[Blogger reports that today is my 300th post. I never expected to take this blog past 50, but what started as a fun way to highlight some under-appreciated artists, tell a few truths in support of those who already know them, and share some good stories became an unexpected source of stimulating dialogues and rewarding acquaintances. Many thanks to all who have participated, and happy new year to all!]
Ralph Waldo Emerson just couldn't get over how cool a library is:
Consider what you have in the smallest chosen library. A company of the wisest and wittiest men that could be picked out of all civil countries in a thousand years have set in best order the results of their learning and wisdom. The men themselves were hid and inaccessible, solitary and impatient of interruption, fenced by etiquette; but the thought which they did not uncover to their bosom friend is here written out in transparent words for us.Today it's even better.
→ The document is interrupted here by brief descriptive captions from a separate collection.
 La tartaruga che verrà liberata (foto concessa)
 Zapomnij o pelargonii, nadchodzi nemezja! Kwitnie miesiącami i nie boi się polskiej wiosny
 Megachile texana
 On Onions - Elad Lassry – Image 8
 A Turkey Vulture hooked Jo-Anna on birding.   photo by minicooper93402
We not only access the "wisest and wittiest men," but women as well, and from "uncivil" countries. We don't even need to go to a library: we can access these riches from our computer.
In a year of recession and high unemployment, with economic wealth increasingly concentrated in the hands of a few at the top, I am heartened by the artists who recognize alternative kinds of wealth freely available from libraries and museums.
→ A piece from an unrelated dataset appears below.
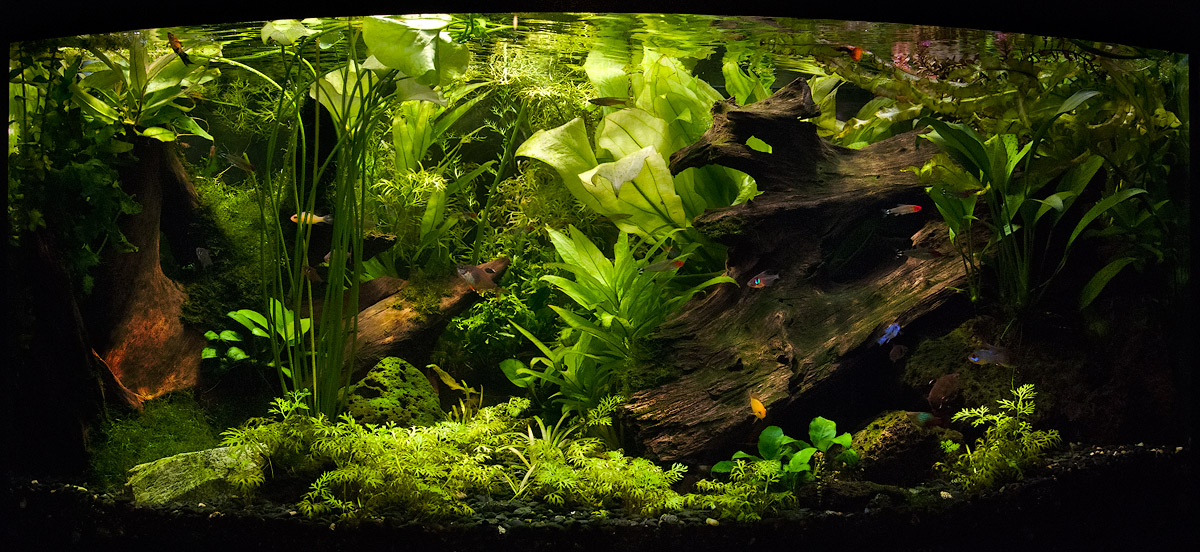 рыба домашняя...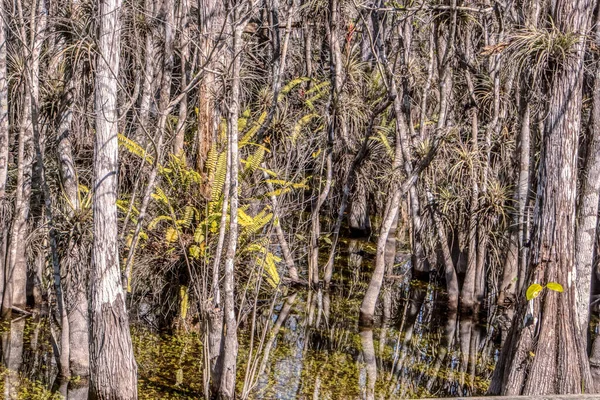 Ağaçları ve suyu olan bir orman. Ağaçlar uzun ve su yeşil.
When the great draftsman Noel Sickles was asked where he learned to draw, he responded, "In a library." Sickles had no formal art education but was able to teach himself from images he found in the public library in Chillicothe, Ohio:
I studied not only American cartooning, but all over the world: European, particularly. I became acquainted with all of the various types of cartooning. I went back and studied Simplicissimus and Jugend [magazines] and so on, and that got me more and more into becoming aware of illustration. And I then did the same thing there. I went through, well, the entire background, as much as I could find.Building from these examples, Sickles develop formidable artistic powers:
Imagine what he could have done if he'd had the resources of the internet.
As an impoverished child, Albert Dorne couldn't afford food, let alone art classes. At age 10, he began cutting school 3 or 4 days a week to sneak off to the Metropolitan Museum of Art where he taught himself to draw by copying the pictures. The determined little boy soon became well known to and admired by the museum staff.
After he became a famous illustrator, Dorne did everything he could to make sure that resources would be available for later generations of children.
Libraries are not relics of the past. One of today's best illustrators, Phil Hale, said:
I grew up in a town with a terrific traditional library, and a great collection of art books including many Illustrators annuals.... But also books about Brandywine and other early twentieth-century movements... The library was hugely important to me.There's nothing dated about Hale's sensational work:
Arthur Koestler was convinced that the right book will find us in time to fulfill our destiny. He recounted how, as a depressed and impoverished failure in Paris in the 1930s, he decided to commit suicide. He turned on the gas in his apartment and lay down on his bug stained mattress. "But as I was settling down on it, a book crashed on my head from the wobbly shelf. It nearly broke my nose, so I got up [and] turned off the gas." The book turned out to be about the Nazis coming to power in Germany. Said Koestler, "a more drastic pointer to the despicableness of my antics could hardly be imagined." He regrouped and went on to became a world famous author with a huge impact on the international politics of his day.
We can't always count on the proper book landing on our nose. We need the vision to recognize value in its potential form, and the initiative to transform it into kinetic form. Those traits are not among the advantages provided by wealth and privilege. Libraries are the great equalizer.